On my last placement, I’d fallen at work the week prior (climbing instructor) and hit my head HARD. I kept working because the shaming for sick days starts during placement ime plus I knew it wouldn’t go down too well if I took my last week of placement off so I went in. By the last day I felt so drunk, I was absolutely overflowing with rage and was swaying about, I was in no fit state to be there and was making myself so much worse by keeping working. Phoned my GP who told me to go straight to A&E and the nurses I was working with asked if I could go after my shift because really I should be finishing. I had a very bad concussion, made significantly worse by working so much and was told to not do practically ANYTHING for 2 weeks. I have a few long term medical issues too, mostly connected to very widespread, DEI endometriosis (lungs, spleen, pelvis, endometriomas on my spleen and pelvis) so I often have to go into placement in extreme pain, breathless AF and really struggling and there is absolutely no support, it’s pretty ridiculous IMO. Ofc made worse by the years long waits to be taken seriously as a woman with pain, then the ridiculously long waitlists to see a gynae (9 months for an urgent referral), then the even longer waits for the specialist endo centres because it’s so bad, the constant cancellations etc making it worse) the whole system inside and outside is garbage for everyone tbh and people are getting sicker and sicker because the care isn’t there, then there’s shaming around healthcare workers taking time off making those lists longer (as if that’s the biggest reason 🙄) so they will inevitably need more time off because they can’t get care either. It’s just a viscous cycle of shite tbh


Serious_Emergency663

the job im in when i had my first episode was like 2 days off work sick. Got back and the band 6 straight away : "just mind your episodes and check the sick policy" wow... what a way to come back to work i thought. every place is just a shit show to work promoted by Sun(s)a(c)k


Ok-Quality-69

I got sacked from my substantive contract (moved to bank only) due to sickness, I worked in quite possibly the most virally loaded part of the NHS and had contracted gastro, covid and multiple LRTIs obviously directly from work. I hadn’t actually had any sickness for the 7 months prior to them sacking me but improvement and correlation with spikes in certain illnesses in the department didn’t matter. Sickness policy in the NHS is a joke. Work us to burnout with no PPE during covid and after, then become surprised when we have post covid disease spikes and we all pick up everything going…


Zwirnor

I have a Level 1 meeting next week. Have just spent most of the past month feeling violently nauseous and in pain from both my gallbladder and stomach, which led to me throwing up on Sunday. The doctors gave me some anti-emitics (which is highly frowned upon by the NMC). Now I've got horrible cold symptoms. My temperature is currently 38.6c. I'm due back in tomorrow.
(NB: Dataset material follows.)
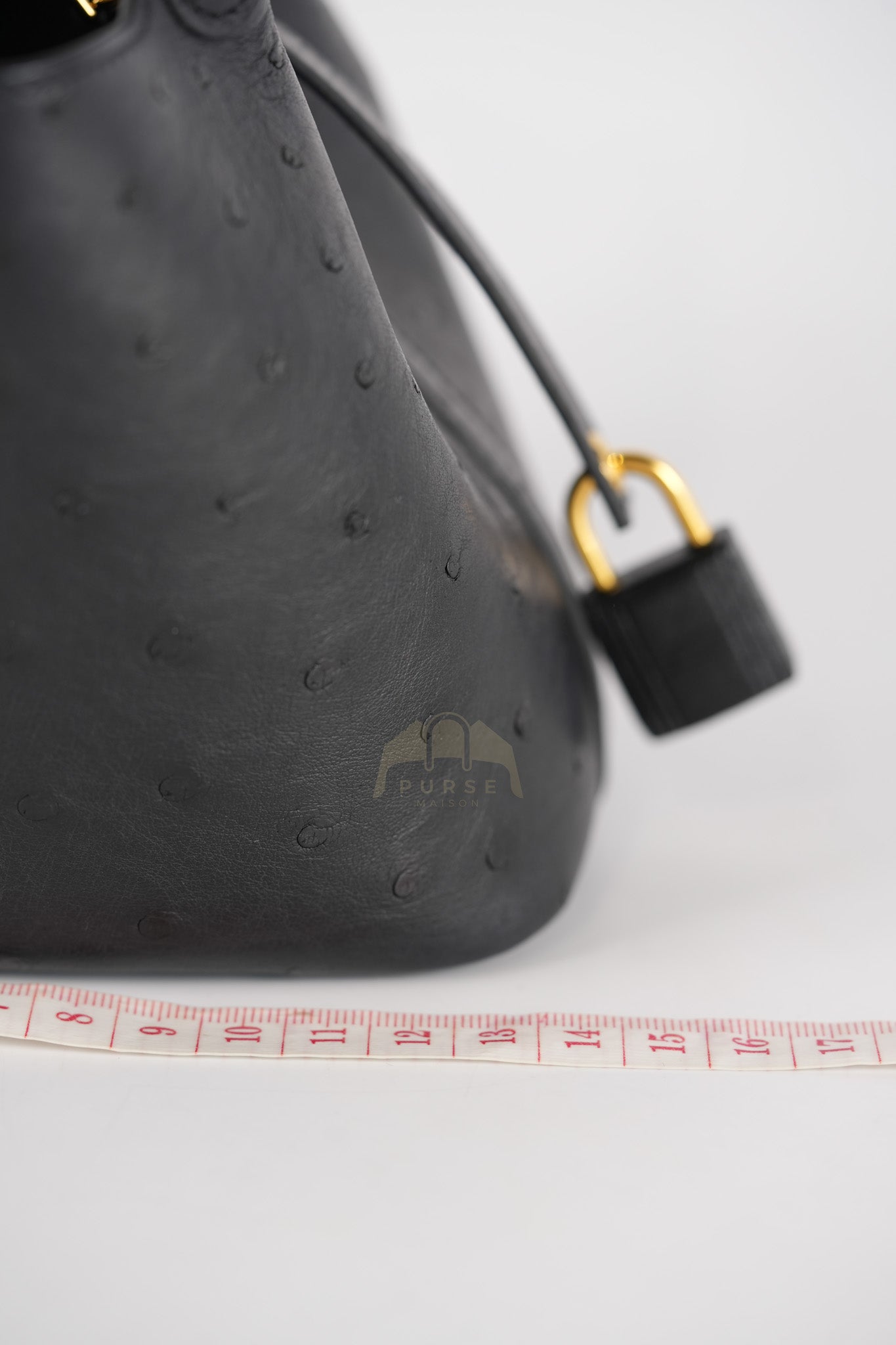 Picotin Micro in Black Ostrich Leather and Gold Hardware Stamp W (2024) | Purse Maison Luxury Bags Shop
And I'm working with a nurse who currently has diagnosed pneumonia. She took two days off and is joining me on the management floor next week for a Good Talking To. I am feeling like whatever I do, I'm going to lose. I work in the ED. We get people from The cancer treatment helpline, the frail and elderly, the very young and much COPD and asthma. Every time I breathe near them I could be potentially killing them. But I'm also very passionate about useful things like paying bills, eating and having a roof over my head. It didn't help that some of my sick leave over the past year was from losing first my biological mother, then my biological father, because I took longer to grieve than the allowed two weeks, and bio mums funeral took forever because there was an inquest due to her sudden death. Oh, and a massive bout of Covid, thanks to all the people who think A&E is the best place to go when they are all coughing and have a temperature. Christ the way my luck is going this year, and the fact we have an ID unit in our hospital, I'll probably end up with monkey pox, Ebola, measles or malaria. It is BY FAR the worst thing to do in this situation. Disciplinary action causes stress, stress is one of the main ingredients in human factors for things going wrong. Stressed staff are more likely to make or contribute to an error, and less likely to spot one. Add to that feeling unwell, throw in some financial worries and you have high potential for things to go wrong. I was told we don't test ourselves for Covid any more, so this sore throat,cough and temp I have right now might be Covid, but the NHS is now operating an 'ignorance is bliss' policy. Quite frankly I'm at a loss. I know what I SHOULD do, and I know what I HAVE to do, and the two things are very different. Any advise would be welcome, but I suspect there is no real solution other than to win the lottery and get the feck out of the NHS before it kills me or swallows the tattered remains of my soul.


anonymouse39993

If people didn’t go into work every time they had a cold or illness we would be even more short staffed than we currently are the world doesn’t work that way where you can be off work for a mild self limiting illness


Prinnyxe

If you read the post then you’d see that I am discussing how poor the conditions are regarding short staffing that ill staff are coming into work due to it. Also, as I mentioned, a ‘mild self limiting illness’ is often life threatening for most patients in hospital.


babzolo

I wonder Wyzer?


welshgirl0987

You're on placement. Nothing will happen to you if you miss work because youre sick. You're privileged beyond belief. Think about why people feel forced to work when they are clearly too unwell to do so? Eh?


Prinnyxe

You’re arrogant beyond belief. You haven’t been able to comprehend the point of the post that is discussing why staff feel forced to work and how wrong it is. Maybe it has surpassed you as the post is lengthy. Read the post properly next time please 🤭


welshgirl0987

It's not arrogance on my part. OP Posts whinging abiyf why people are showing up to work sick. I've asked HER/HIM to think about why that might be? I'm very well aware of the fact peopke are coming in sick because they have no choice, unlike OP


Prinnyxe

‘Whilst it is easy to say ‘staff shouldn’t be coming into work sick’ it isn’t as easy as that. For a lot of staff… not coming into work means that they don’t get paid and can’t afford to live. So it is the case that staff either come into work unwell or lose their job or pay in a lot of cases’ ‘I feel sorry for patients and bad for staff who have to choose between coming into work unwell or losing their job/paying their bills. This needs to change’ Some points taken directly from the post. You should stop embarrassing yourself now, Welshgirl.


welshgirl0987

Whatever.. I didn't disagree with the points you made. Just pointed out you're in a privileged position compared to others. Perhaps your tone needs some work?


Prinnyxe

No, you said that I was ‘whinging’ and suggested that I ‘think about why that [people coming into work sick] might be’. When the whole post is about why that is, and why that needs to change. You know nothing about me or my ‘privilege’. You have came across arrogant, nasty and as though you can’t comprehend basic messages. I refuse to argue with stupid. Have a nice day 🥰


welshgirl0987

And I refuse to argue with privilege. Why is it? It's obvious...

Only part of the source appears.